Cezary Nowowiejski v. Farmers Insurance Company, Inc. d/b/a Foremost Insurance Company

Filed: Feb 27, 2026
Type: CJ

What's This Case About?

Let’s be real: how many of us have looked up at a leaky ceiling after a storm and whispered, “Please, sweet baby insurance gods, don’t make me fight for this”? But Cezary Nowowiejski didn’t just get a leak—he got a full-on betrayal, allegedly, by his own insurance company, which now stands accused of denying him over $93,000 in rightful wind damage claims while possibly profiting from the denial. And not in some shady backroom deal, but through what the lawsuit claims is a profit-sharing program that rewards employees for underpaying claims. Yes, you read that right. It’s like if your mechanic got a bonus for pretending your brakes weren’t broken. Only this time, it’s a house, and the stakes are very wet.

So who is Cezary Nowowiejski? A homeowner in Tulsa, Oklahoma, living at 3817 South Union Avenue—just another guy trying to keep the elements outside where they belong. And who’s the villain in this story? Farmers Insurance Company, Inc., doing business as Foremost Insurance Company. That’s right—your friendly neighborhood insurer, the one with the ads featuring smiling families and maybe a barn owl or two, now allegedly playing hardball with a policyholder whose roof may have blown off in more ways than one. Nowowiejski had a policy—Policy No. 381-5012702470-02, because nothing says drama like an alphanumeric code—with Foremost, covering his dwelling, other structures, and personal property. And crucially, that policy covered wind damage. Because in Oklahoma, if you don’t have wind coverage, you might as well be living in a cardboard fort during tornado season.

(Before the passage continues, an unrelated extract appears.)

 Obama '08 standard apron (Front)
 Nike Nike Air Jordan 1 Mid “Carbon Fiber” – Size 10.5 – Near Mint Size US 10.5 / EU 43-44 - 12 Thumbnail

Then came May 24, 2025—the date of loss, as officially assigned by Foremost. That day, or around it, something very windy happened. We don’t know if it was a derecho, a microburst, or just Oklahoma being Oklahoma, but the result was severe damage to Nowowiejski’s property. He did everything by the book: filed a timely claim, submitted documentation, followed procedure. Foremost acknowledged the claim—Claim No. 7009011445-1—and even admitted that water damage was involved and covered under the policy. But here’s where things get twisty: while water damage was accepted, Foremost allegedly denied that wind caused the damage in the first place. And since wind was the covered peril, not water intrusion alone, that denial became the linchpin of the entire dispute. It’s like saying, “Yeah, your car’s totaled, but since the tree that fell on it was swaying in the wind, we don’t cover that.” Makes sense if you’re a robot programmed to deny.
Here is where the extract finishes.